= Task goal =
Pictures are to be left out. Return exactly the lines below from the one with "Land Rover - Range Rover Velar" up to and including the one with "Marky Leather Man Wallet".

━━━━━ Exercise materials ━━━━━

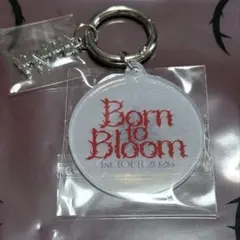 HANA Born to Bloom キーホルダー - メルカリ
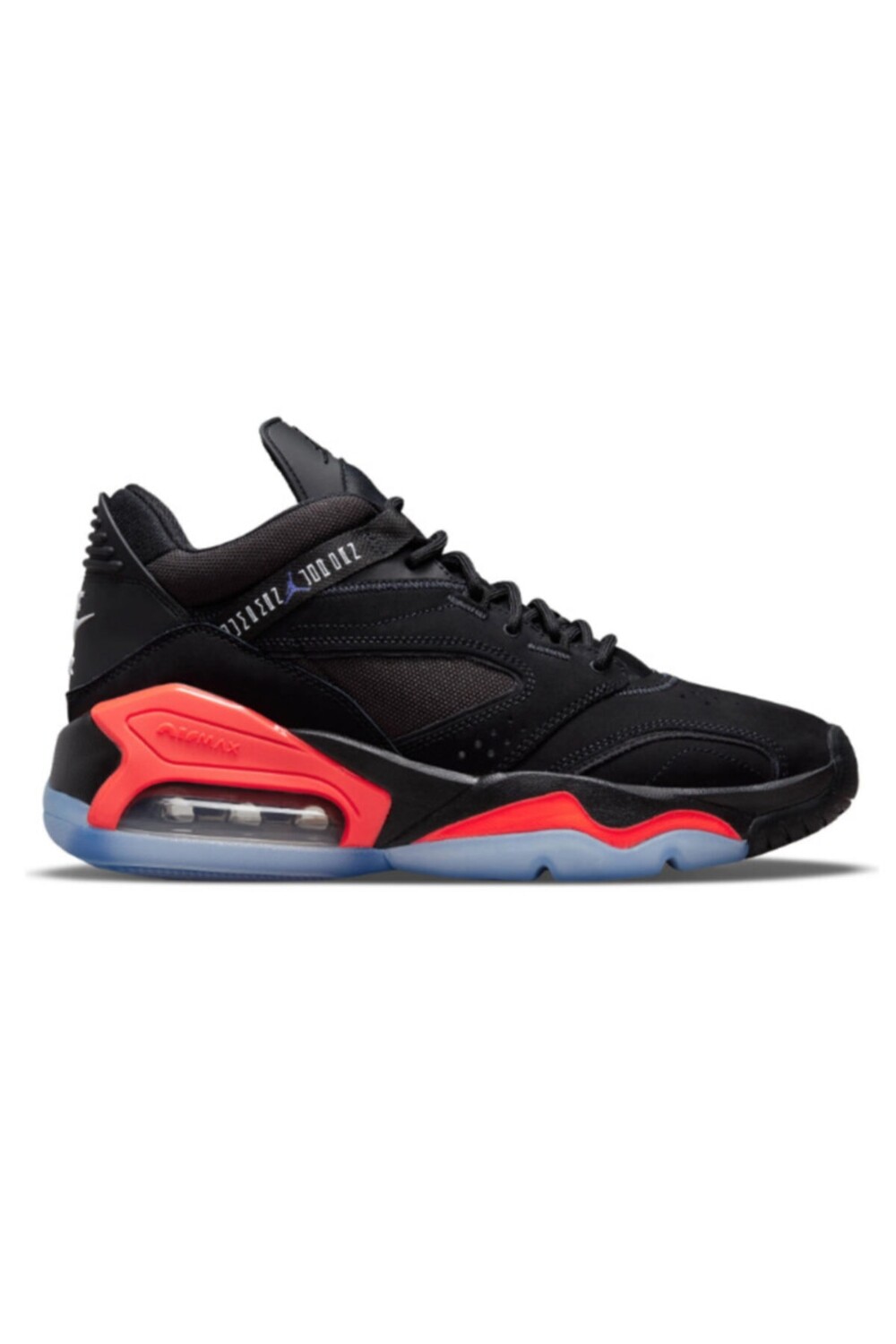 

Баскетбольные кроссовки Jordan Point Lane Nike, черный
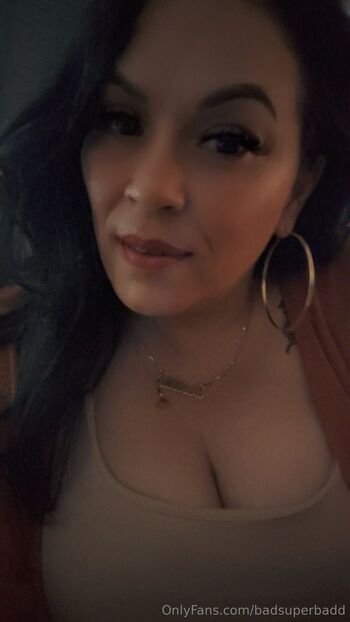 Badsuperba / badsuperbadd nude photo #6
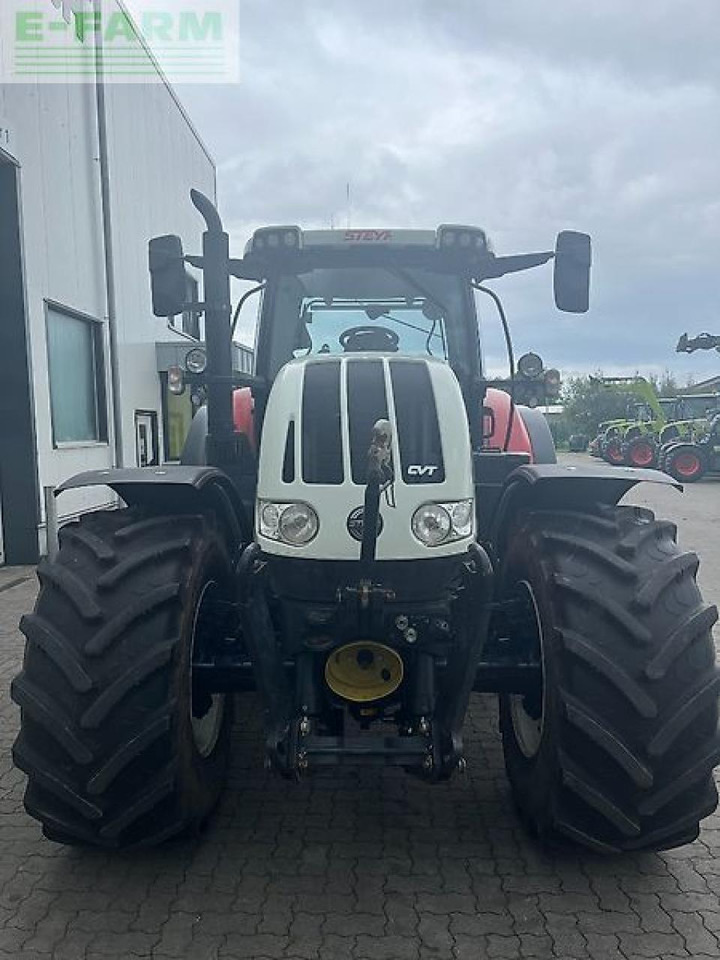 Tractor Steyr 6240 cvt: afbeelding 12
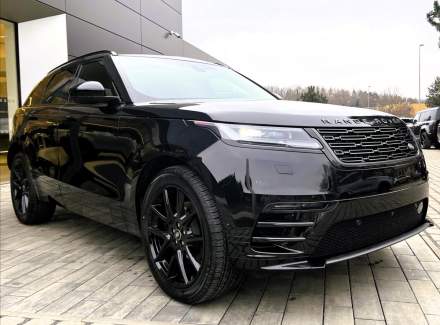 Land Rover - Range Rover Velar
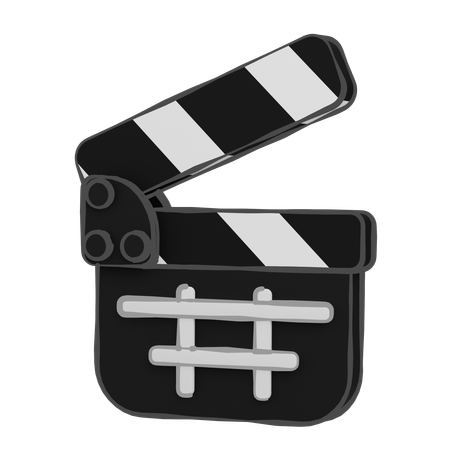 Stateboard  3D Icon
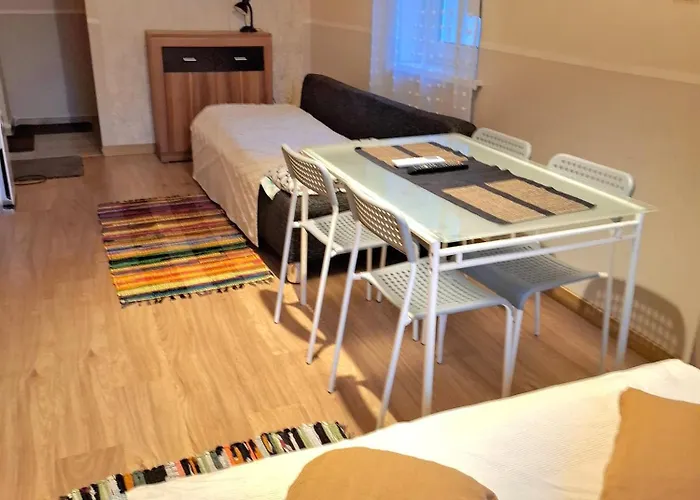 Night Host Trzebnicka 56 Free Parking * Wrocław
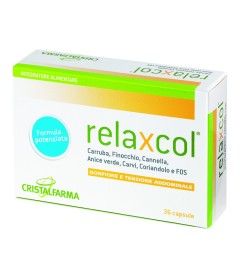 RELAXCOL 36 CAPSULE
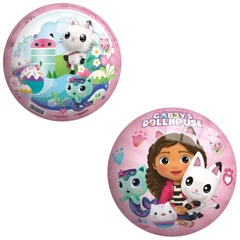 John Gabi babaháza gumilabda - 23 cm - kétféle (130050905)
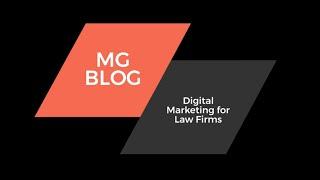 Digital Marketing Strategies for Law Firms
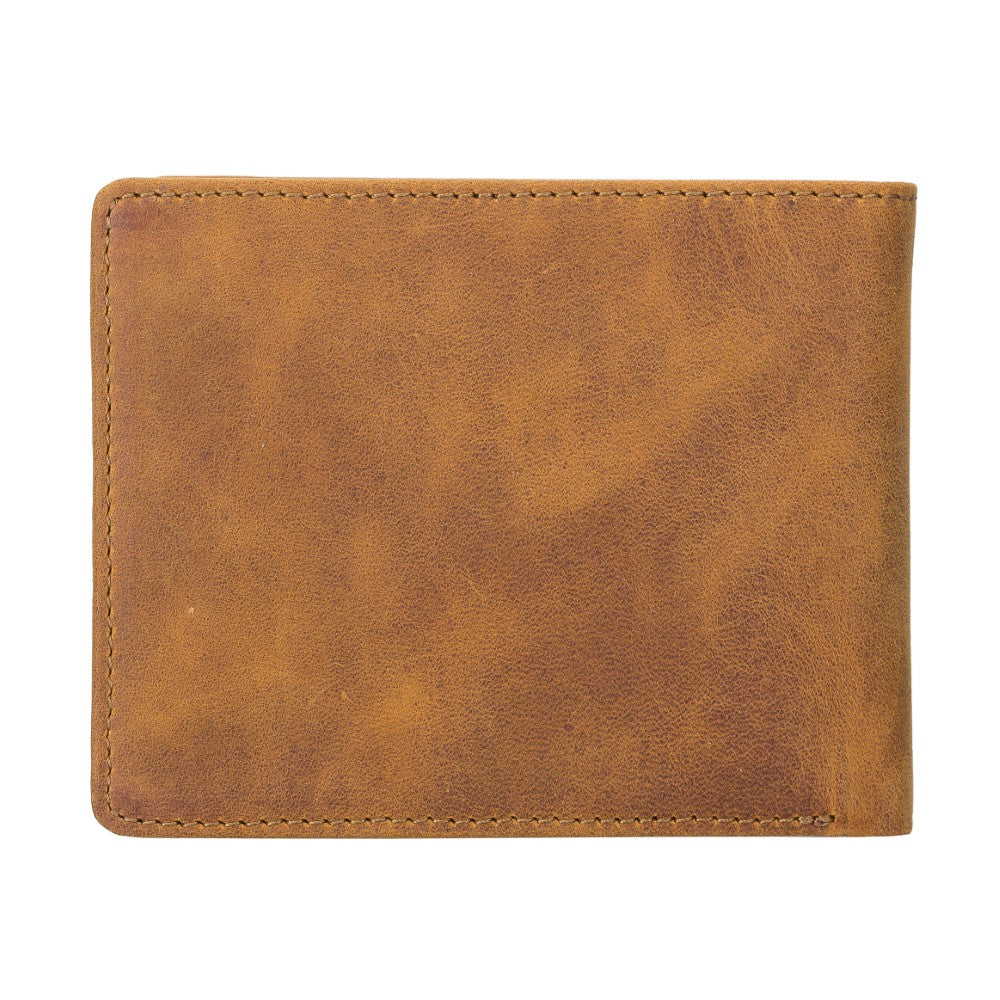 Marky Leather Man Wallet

━━━━━
━━━━━ Exercise materials ━━━━━

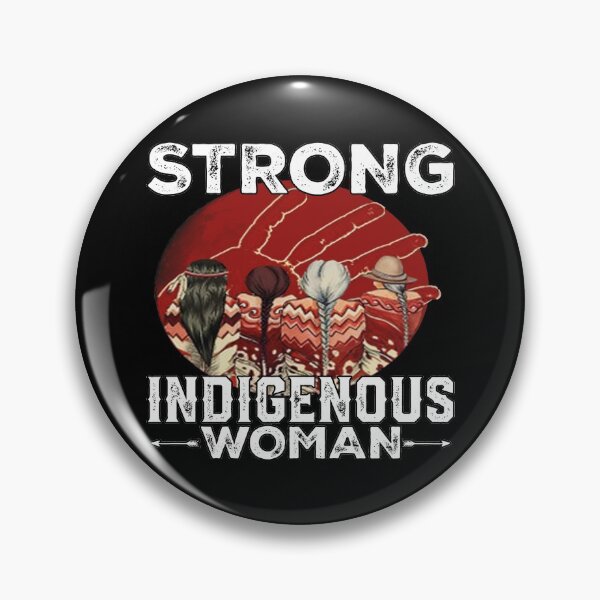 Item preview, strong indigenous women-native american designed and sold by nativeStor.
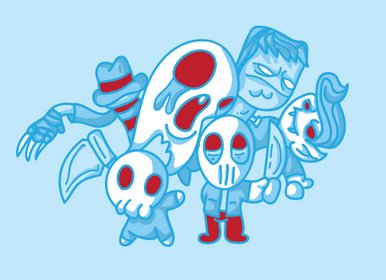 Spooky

━━━━━

= Result for this task =
 Land Rover - Range Rover Velar
 Stateboard  3D Icon
 Night Host Trzebnicka 56 Free Parking * Wrocław
 RELAXCOL 36 CAPSULE
 John Gabi babaháza gumilabda - 23 cm - kétféle (130050905)
 Digital Marketing Strategies for Law Firms
 Marky Leather Man Wallet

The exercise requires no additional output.